Covalent binding of 3'-O-(4-benzoyl)benzoyl adenosine 5'-triphosphate (BzATP) to the isolated alpha and beta subunits and the alpha 3 beta 3 core complex of TF1. Covalent binding of BzATP prevents association of alpha and beta subunits and induces dissociation of the alpha 3 beta 3 core complex.

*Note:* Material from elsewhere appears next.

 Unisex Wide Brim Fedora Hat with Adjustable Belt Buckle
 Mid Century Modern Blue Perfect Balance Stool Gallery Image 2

Binding of the photoreactive ATP analog, 3'-O-(4-benzoyl)benzoyl adenosine 5'-triphosphate (BzATP), to the isolated alpha and beta subunits of TF1 and to the alpha 3 beta 3 "core" complex of the holoenzyme is described. About 1 mol of BzATP/mol of subunit was incorporated to isolated alpha and beta subunits. The incorporation of BzATP was prevented by ATP. Covalent binding of BzATP to the alpha subunit was in general somewhat lower than that observed with the beta subunit. No complex was formed upon mixing of either of the modified subunits with the complementary nontreated subunits. Covalent binding of 3 mol of BzATP/alpha 3 beta 3 complex completely inhibited ATPase activity and resulted in the dissociation of the complex. The labeled nucleotide analog was specifically incorporated into the beta subunit of the complex. The holoenzyme TF1, in contrast to the core complex, did not dissociate to the individual subunits upon covalent binding of BzATP. These results are discussed in relation to the location of the catalytic nucleotide binding site(s) and the conformation stability of the alpha 3 beta 3 core complex of TF1.